Wahrscheinlich kann man keinen Erfolg haben, ohne ein Stück weit hochzustapeln. „Kein Problem, das wird fristgerecht fertig“ sagen, obwohl man noch gar nicht angefangen hat und nicht weiß, ob heute Nacht ein Meteorit auf Berlin fallen und alles auslöschen wird. Den schönsten Mann weit und breit anlächeln, obwohl die Stimme in meinem Kopf warnt, dass das nicht angemessen ist und eine Strafe nach sich ziehen wird. Ich fürchte, ohne Wagemut bekommt man nie das Beste.

Ich sollte also daran arbeiten, höher zu stapeln. Zur Hochstaplerin in zehn Schritten, wenn es so einen Ratgeber gäbe, ich würde ihn sofort kaufen.
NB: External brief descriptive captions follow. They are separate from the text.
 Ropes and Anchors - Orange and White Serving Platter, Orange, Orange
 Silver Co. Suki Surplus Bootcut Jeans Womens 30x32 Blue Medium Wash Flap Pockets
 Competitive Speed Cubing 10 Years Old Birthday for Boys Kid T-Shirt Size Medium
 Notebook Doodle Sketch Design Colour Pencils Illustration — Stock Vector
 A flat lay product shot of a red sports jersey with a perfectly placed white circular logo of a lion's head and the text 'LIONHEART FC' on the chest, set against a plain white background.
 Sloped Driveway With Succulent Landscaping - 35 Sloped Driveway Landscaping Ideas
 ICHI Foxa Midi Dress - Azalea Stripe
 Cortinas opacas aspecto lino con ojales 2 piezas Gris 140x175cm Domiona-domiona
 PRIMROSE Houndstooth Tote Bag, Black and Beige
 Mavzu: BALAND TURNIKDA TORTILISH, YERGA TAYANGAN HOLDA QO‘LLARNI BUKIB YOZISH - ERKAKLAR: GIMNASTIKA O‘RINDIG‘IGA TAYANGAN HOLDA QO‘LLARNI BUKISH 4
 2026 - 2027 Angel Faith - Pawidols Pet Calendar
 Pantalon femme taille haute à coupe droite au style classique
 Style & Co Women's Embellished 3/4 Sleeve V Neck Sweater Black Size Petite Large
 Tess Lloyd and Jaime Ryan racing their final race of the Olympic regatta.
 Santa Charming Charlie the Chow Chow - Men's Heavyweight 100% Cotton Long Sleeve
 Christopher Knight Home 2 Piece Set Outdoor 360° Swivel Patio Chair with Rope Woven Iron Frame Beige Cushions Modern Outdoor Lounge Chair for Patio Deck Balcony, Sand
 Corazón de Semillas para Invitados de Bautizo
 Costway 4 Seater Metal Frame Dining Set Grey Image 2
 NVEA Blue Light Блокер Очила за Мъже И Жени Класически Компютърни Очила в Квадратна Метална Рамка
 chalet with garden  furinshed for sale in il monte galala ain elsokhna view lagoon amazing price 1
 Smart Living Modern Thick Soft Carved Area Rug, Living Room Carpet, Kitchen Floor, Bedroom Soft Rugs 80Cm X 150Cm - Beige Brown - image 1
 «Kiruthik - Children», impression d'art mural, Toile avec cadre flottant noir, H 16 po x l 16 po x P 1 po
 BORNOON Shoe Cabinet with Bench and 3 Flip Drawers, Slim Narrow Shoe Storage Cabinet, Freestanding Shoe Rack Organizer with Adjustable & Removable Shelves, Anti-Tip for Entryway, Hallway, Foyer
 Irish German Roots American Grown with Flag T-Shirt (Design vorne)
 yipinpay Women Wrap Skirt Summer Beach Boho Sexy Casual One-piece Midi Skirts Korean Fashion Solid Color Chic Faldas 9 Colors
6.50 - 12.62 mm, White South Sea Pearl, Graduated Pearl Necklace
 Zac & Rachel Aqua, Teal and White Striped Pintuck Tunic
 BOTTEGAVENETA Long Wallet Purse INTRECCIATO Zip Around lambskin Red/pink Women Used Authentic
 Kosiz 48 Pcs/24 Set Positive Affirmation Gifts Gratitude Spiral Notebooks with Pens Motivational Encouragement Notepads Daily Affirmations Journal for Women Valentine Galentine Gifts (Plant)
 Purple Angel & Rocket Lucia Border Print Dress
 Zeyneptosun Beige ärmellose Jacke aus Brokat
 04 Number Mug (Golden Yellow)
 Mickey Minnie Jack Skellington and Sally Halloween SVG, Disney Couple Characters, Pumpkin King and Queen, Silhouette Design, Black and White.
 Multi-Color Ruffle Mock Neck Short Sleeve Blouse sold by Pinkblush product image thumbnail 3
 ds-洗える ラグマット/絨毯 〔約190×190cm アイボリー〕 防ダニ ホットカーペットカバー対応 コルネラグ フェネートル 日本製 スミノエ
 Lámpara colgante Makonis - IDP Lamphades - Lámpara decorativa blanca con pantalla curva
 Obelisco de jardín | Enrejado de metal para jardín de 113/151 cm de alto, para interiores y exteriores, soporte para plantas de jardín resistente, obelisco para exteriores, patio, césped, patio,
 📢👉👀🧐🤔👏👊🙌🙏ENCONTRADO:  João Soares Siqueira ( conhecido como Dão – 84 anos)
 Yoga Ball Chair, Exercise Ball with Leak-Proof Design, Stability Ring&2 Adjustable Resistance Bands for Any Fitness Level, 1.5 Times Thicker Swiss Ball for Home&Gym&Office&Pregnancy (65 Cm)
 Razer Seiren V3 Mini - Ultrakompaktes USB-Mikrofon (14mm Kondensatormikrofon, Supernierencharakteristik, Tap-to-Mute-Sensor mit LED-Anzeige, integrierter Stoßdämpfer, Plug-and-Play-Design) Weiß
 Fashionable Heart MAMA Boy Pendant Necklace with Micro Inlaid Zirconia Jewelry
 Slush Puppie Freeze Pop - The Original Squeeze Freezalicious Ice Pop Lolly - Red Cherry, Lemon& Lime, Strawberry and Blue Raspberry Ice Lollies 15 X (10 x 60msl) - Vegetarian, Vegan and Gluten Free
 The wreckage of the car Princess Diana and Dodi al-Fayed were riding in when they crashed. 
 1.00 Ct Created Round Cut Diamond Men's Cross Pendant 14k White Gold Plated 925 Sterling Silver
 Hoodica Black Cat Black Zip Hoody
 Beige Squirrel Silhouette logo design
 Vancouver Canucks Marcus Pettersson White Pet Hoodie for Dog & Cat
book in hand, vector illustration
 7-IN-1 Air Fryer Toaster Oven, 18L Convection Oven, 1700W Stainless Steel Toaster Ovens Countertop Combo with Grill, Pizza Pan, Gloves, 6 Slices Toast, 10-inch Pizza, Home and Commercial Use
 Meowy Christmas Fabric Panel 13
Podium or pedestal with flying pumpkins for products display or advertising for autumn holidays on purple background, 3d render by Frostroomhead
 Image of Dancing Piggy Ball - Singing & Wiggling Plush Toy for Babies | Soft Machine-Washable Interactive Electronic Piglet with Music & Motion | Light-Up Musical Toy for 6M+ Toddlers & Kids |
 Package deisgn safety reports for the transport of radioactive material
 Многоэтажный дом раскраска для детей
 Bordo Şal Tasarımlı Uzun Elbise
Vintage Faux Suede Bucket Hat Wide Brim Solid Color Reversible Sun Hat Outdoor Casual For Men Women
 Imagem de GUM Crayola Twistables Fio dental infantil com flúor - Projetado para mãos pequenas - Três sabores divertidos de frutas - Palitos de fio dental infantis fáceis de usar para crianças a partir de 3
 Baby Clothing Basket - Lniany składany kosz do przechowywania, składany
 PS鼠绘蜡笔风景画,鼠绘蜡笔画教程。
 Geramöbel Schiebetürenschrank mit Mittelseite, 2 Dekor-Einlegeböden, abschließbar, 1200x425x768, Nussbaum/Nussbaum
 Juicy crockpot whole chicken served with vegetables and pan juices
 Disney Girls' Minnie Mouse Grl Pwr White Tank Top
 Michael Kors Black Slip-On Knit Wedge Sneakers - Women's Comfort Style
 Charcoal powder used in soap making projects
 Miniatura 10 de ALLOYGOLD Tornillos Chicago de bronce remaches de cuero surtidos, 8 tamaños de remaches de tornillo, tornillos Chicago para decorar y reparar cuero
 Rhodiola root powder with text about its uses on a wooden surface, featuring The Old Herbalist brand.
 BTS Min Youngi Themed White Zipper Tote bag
Obwohl, ob ich ihn umsetzen könnte …

Da war es wieder, das Syndrom. Natürlich kann ich! Im Grunde brauche ich gar keinen Ratgeber. Ich kann schon hochstapeln, ich muss es nur tun. Beim nächsten Lob sage ich mir: Endlich sieht jemand, was ich kann. Geht doch. Mehr davon!

Sollte nicht jeden Tag jemand von mir begeistert sein?

Am besten sollte ich mir ein Buch über Chirurgie kaufen. Dann könnte ich in ein paar Wochen als Chefärztin anheuern. Ich kann das. Das wäre doch gelacht. Andere Hochstapler schaffen es auch.